● **Work task**:
The records that follow must all be duplicated exactly.

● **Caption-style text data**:

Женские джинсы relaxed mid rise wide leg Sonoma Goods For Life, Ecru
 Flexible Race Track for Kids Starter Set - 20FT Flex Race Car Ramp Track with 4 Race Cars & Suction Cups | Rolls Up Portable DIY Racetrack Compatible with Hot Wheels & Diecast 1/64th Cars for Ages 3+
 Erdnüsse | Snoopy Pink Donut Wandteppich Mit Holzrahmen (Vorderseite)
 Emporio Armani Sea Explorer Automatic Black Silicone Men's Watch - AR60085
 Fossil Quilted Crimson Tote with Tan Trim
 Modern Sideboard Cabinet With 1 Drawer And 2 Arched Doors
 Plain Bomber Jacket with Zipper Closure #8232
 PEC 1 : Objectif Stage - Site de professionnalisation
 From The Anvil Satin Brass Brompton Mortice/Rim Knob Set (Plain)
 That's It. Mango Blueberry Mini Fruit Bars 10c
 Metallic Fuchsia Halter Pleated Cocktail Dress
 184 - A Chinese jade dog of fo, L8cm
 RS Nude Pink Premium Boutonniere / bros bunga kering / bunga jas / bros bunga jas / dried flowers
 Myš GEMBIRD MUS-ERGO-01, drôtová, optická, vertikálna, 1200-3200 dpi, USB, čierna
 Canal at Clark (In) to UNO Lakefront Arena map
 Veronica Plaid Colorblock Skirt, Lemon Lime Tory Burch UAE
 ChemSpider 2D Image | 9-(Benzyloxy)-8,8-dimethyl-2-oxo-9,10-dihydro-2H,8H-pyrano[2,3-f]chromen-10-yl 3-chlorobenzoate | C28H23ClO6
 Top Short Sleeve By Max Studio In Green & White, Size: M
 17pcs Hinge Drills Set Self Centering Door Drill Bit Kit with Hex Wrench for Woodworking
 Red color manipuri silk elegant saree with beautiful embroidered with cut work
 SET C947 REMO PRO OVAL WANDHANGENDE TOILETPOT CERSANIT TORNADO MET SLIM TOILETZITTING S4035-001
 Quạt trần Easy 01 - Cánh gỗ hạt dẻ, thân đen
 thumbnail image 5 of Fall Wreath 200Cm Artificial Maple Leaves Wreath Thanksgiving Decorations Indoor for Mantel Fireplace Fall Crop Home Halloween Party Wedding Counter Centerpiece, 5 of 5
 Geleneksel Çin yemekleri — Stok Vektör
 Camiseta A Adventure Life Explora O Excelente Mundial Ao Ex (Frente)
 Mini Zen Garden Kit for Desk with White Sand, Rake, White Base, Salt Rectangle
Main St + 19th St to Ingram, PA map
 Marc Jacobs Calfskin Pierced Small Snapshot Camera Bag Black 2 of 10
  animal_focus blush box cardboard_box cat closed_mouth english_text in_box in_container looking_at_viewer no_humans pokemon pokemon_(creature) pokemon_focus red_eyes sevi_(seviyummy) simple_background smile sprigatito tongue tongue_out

● **Completed task**:
Женские джинсы relaxed mid rise wide leg Sonoma Goods For Life, Ecru
 Flexible Race Track for Kids Starter Set - 20FT Flex Race Car Ramp Track with 4 Race Cars & Suction Cups | Rolls Up Portable DIY Racetrack Compatible with Hot Wheels & Diecast 1/64th Cars for Ages 3+
 Erdnüsse | Snoopy Pink Donut Wandteppich Mit Holzrahmen (Vorderseite)
 Emporio Armani Sea Explorer Automatic Black Silicone Men's Watch - AR60085
 Fossil Quilted Crimson Tote with Tan Trim
 Modern Sideboard Cabinet With 1 Drawer And 2 Arched Doors
 Plain Bomber Jacket with Zipper Closure #8232
 PEC 1 : Objectif Stage - Site de professionnalisation
 From The Anvil Satin Brass Brompton Mortice/Rim Knob Set (Plain)
 That's It. Mango Blueberry Mini Fruit Bars 10c
 Metallic Fuchsia Halter Pleated Cocktail Dress
 184 - A Chinese jade dog of fo, L8cm
 RS Nude Pink Premium Boutonniere / bros bunga kering / bunga jas / bros bunga jas / dried flowers
 Myš GEMBIRD MUS-ERGO-01, drôtová, optická, vertikálna, 1200-3200 dpi, USB, čierna
 Canal at Clark (In) to UNO Lakefront Arena map
 Veronica Plaid Colorblock Skirt, Lemon Lime Tory Burch UAE
 ChemSpider 2D Image | 9-(Benzyloxy)-8,8-dimethyl-2-oxo-9,10-dihydro-2H,8H-pyrano[2,3-f]chromen-10-yl 3-chlorobenzoate | C28H23ClO6
 Top Short Sleeve By Max Studio In Green & White, Size: M
 17pcs Hinge Drills Set Self Centering Door Drill Bit Kit with Hex Wrench for Woodworking
 Red color manipuri silk elegant saree with beautiful embroidered with cut work
 SET C947 REMO PRO OVAL WANDHANGENDE TOILETPOT CERSANIT TORNADO MET SLIM TOILETZITTING S4035-001
 Quạt trần Easy 01 - Cánh gỗ hạt dẻ, thân đen
 thumbnail image 5 of Fall Wreath 200Cm Artificial Maple Leaves Wreath Thanksgiving Decorations Indoor for Mantel Fireplace Fall Crop Home Halloween Party Wedding Counter Centerpiece, 5 of 5
 Geleneksel Çin yemekleri — Stok Vektör
 Camiseta A Adventure Life Explora O Excelente Mundial Ao Ex (Frente)
 Mini Zen Garden Kit for Desk with White Sand, Rake, White Base, Salt Rectangle
Main St + 19th St to Ingram, PA map
 Marc Jacobs Calfskin Pierced Small Snapshot Camera Bag Black 2 of 10
  animal_focus blush box cardboard_box cat closed_mouth english_text in_box in_container looking_at_viewer no_humans pokemon pokemon_(creature) pokemon_focus red_eyes sevi_(seviyummy) simple_background smile sprigatito tongue tongue_out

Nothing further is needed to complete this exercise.